Writing about Level 7, Mordecai Roshwald’s fable of atomic armageddon, moved me to take another look at Fail-Safe (1964), a film based on the novel of the same name by Eugene Burdick and Harvey Wheeler. Rewatching it evoked a time I remember well: the climactic days of the Cold War, with its tense confrontations in a divided Berlin, its periodic nuclear weapons tests and, above all the Cuban Missile Crisis, an alarmingly close brush with all-out nuclear war. In those days it seemed entirely plausible that humanity might destroy itself and the planet: Having armed themselves with terrifying weapons, surely the superpowers would eventually use them. But that never happened and today books and films like Fail-Safe no longer sound the urgent note of warning that their creators intended. They do, however, preserve the psychological atmospherics of a bygone age.

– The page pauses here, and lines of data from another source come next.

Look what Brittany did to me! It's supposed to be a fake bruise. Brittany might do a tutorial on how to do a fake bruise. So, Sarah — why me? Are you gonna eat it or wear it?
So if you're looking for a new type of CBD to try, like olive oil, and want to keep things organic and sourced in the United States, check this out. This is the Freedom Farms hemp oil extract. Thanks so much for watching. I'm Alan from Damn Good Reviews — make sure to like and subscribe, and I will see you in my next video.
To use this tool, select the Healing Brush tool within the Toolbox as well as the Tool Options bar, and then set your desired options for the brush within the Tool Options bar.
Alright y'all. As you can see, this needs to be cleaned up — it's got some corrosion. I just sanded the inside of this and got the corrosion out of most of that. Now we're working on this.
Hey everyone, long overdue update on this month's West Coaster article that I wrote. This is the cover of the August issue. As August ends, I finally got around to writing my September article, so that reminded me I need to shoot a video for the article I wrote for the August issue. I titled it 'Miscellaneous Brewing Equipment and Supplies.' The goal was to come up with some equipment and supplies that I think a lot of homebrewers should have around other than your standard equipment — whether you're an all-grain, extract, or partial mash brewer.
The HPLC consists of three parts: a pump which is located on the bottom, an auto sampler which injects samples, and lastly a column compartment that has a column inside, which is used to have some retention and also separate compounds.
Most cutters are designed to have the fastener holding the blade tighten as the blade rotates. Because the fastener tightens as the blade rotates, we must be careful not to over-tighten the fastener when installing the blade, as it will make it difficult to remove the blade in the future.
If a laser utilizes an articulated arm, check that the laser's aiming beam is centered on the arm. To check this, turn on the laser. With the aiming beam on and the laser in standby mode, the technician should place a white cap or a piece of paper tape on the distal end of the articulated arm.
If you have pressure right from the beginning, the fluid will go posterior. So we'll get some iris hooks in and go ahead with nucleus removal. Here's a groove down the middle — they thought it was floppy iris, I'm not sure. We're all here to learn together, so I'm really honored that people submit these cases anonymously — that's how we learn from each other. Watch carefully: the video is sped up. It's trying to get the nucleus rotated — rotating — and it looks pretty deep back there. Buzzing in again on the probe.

Fail-Safe, the film, has always been overshadowed by its celebrated contemporary, Dr. Strangelove, and most would agree that the latter is a superior piece of work. Still, Fail-Safe does has its virtues, including a literate script and solid casting, though unfortunately the plot mechanism that sets the film in motion is rather implausible. Briefly to summarize, when the failure of an electronic component results in the transmission of a false attack order to a group of US Air Force nuclear bombers on airborne alert, Soviet jamming prevents the group commander from confirming the order verbally. But since the fail-safe system has transmitted what appears to be a valid attack order, Group Six, with its load of ten 20-megaton hydrogen bombs, heads toward the Soviet Union. Target: Moscow.
The balance of Fail-Safe recounts the increasingly desperate efforts by US officials to prevent Group Six from striking its target. The action takes place in four settings: Strategic Air Command Headquarters (Omaha, Nebraska), the underground War Room at the Pentagon, the presidential bunker under the White House, and the cockpit of the lead bomber of Group Six.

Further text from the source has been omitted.